__THE RECORDS__:
════════════════════

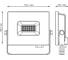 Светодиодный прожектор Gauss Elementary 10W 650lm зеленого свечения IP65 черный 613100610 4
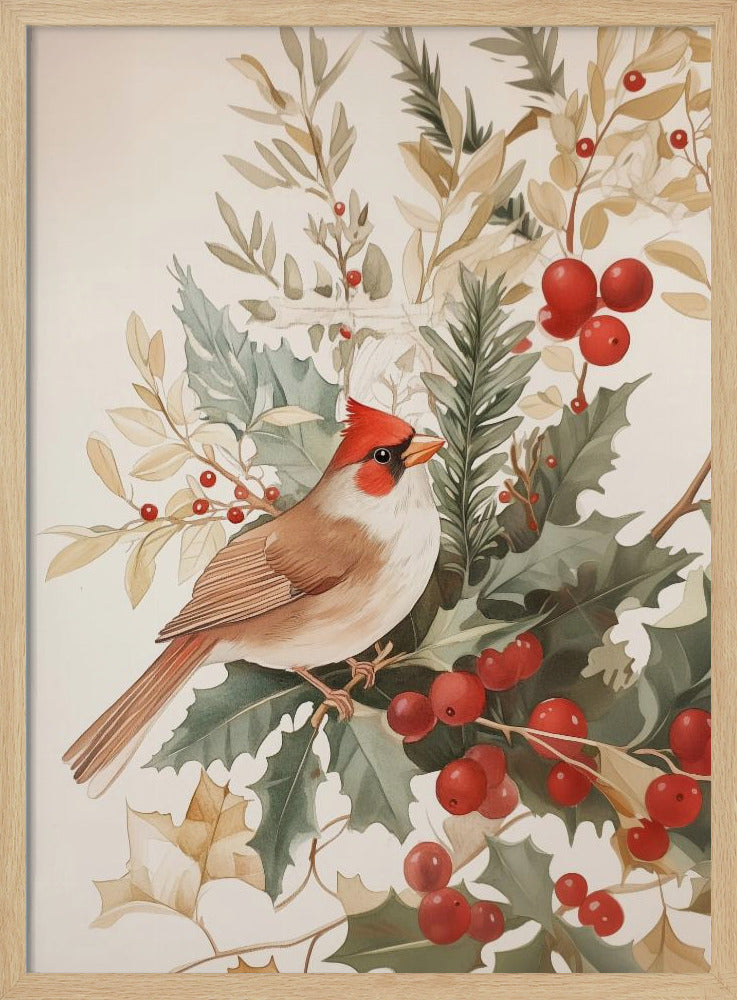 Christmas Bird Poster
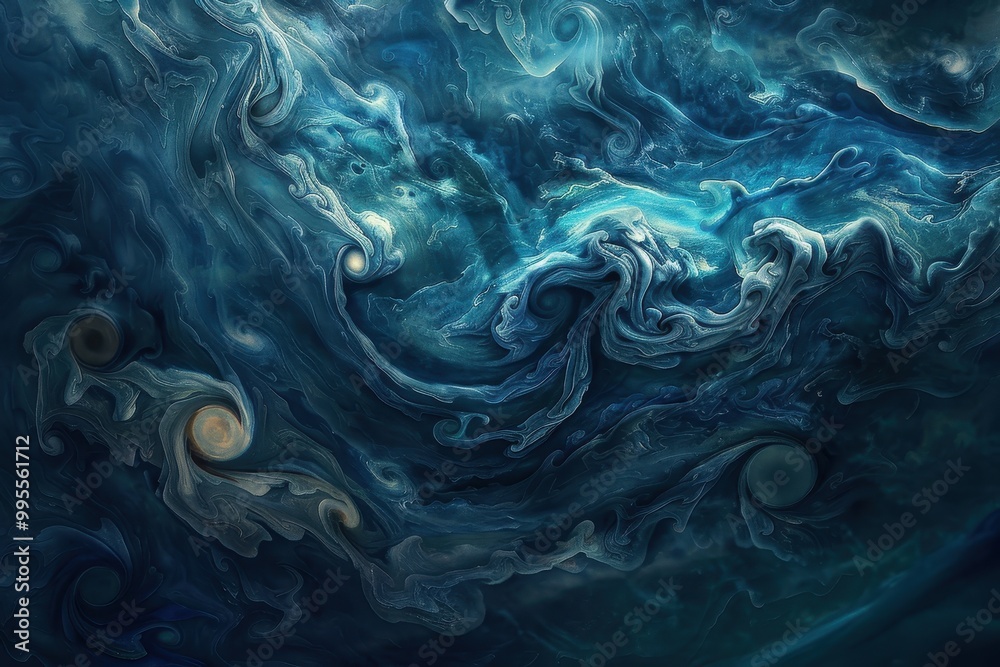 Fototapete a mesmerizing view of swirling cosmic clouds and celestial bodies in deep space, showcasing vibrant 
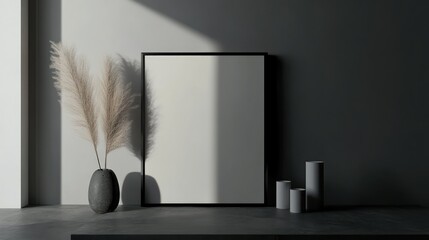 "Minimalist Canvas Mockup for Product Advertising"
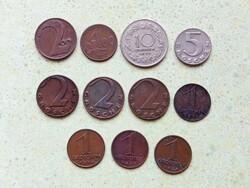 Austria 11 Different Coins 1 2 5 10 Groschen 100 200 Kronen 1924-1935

════════════════════

__PROBLEM TO SOLVE__: Reproduce word for word the lines from the line with "Fototapete a mesmerizing" to the end of the entries above, both included, but leave the pictures out.

__WRITTEN RESPONSE__:
 Fototapete a mesmerizing view of swirling cosmic clouds and celestial bodies in deep space, showcasing vibrant 
 "Minimalist Canvas Mockup for Product Advertising"
 Austria 11 Different Coins 1 2 5 10 Groschen 100 200 Kronen 1924-1935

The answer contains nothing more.